- Llanfabon Location within Caerphilly
- OS grid reference: ST 10812 93819
- • Cardiff: 11.65 mi (18.75 km) SSE
- Community: Nelson;
- Principal area: Caerphilly;
- Country: Wales
- Sovereign state: United Kingdom
- Post town: NELSON
- Dialling code: 01443
- Police: Gwent
- Fire: South Wales
- Ambulance: Welsh
- UK Parliament: Caerphilly;
- Senedd Cymru – Welsh Parliament: Caerphilly;

= Llanfabon =

Hamlet in Caerphilly, Wales

Llanfabon (also known as Llanvabon) is a hamlet and former parish in South Wales.

The area is now part of the current community of Nelson, and part of Caerphilly County Borough.

At St. Mabon's Church in Llanfabon, there is a memorial to the eleven killed at the 1894 Albion Colliery disaster, who were not identified.

==History==
As described in 1849, it comprised two hamlets, in the union of Merthyr Tydfil, hundred of Caerphilly, county of Glamorgan, 9 miles (S. S. E.) from Merthyr Tydfil; containing 1449 inhabitants. A Topographical Dictionary of Wales (1849) described it as follows:

This parish is bounded on the west by the river Tâf, and on the east by the Romney; and comprises about 5000 acres, of which 1120 are arable, 2230 pasture, 1000 common, 500 woodland consisting chiefly of oak, and the remainder roads and water. The surface is in general mountainous; and the scenery picturesque, especially in the vicinity of the village of Craigyberthlwyd, from which the views are striking and beautiful. The soil comprehends gravel, clay, and peat, and the chief agricultural produce is wheat, barley, and oats, the last of which is grown in a larger quantity than either of the two former. Tiles for building are made, and there are excellent stone-quarries, and coal-mines, but they are not in operation to any great extent, the latter being chiefly on the border, and appropriated to the use of the neighbourhood only.

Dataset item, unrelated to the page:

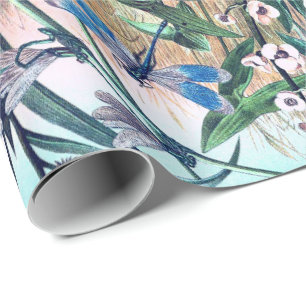 Blue Dragonfly at the pond vintage illustration Wrapping Paper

The greater part of the colliers of Gellygaer, an adjoining parish, live in Llanvabon. The ancient seat of the Lanbradach family is situated here; and besides the village above-named, the parish contains those of Quakers'-Yard and Nelson.

It is intersected by the road from Cardiff to Merthyr, which passes about two miles and a half westward from the church; and by the Glamorganshire canal, on the banks of which, within its limits, is situated the Navigation-House, where this important line of communication is joined by the Aberdare Canal, and where barges are loaded with coal and iron for the port of Cardiff. The TâfVale railway, also, passes by Quakers'-Yard and the Navigation-House, and is joined in this vicinity by the Aberdare railway, for the construction of which an act was obtained in 1846.

The living is consolidated with the vicarage of Eglwysilan: the tithes have been commuted for £270, of which a sum of £200 is payable to the Dean and Chapter of Llandaf, and £70 to the vicar. The church, dedicated to St. Mabon, is an ancient structure, consisting of a nave and chancel, forty-three feet in length and twentyone in breadth, and containing accommodation for about 120 persons. There are two places of worship for Calvinistic Methodists, two for Independents, and one for Baptists; in each of which a Sunday school is also held. James Thomas, in 1730, gave by will a rent-charge of £2 for the benefit of the poor, to be equally divided between those of each hamlet.

==In culture==
- Llanvabon is the name of the spaceship in the science fiction novelette First Contact.
- Llanfabon is the name of the FFR-31 MR/D Super Sylph fighter jet designated B-7 of Boomerang Squadron in Chōhei Kambayashi's science fiction novel Good Luck, Yukikaze.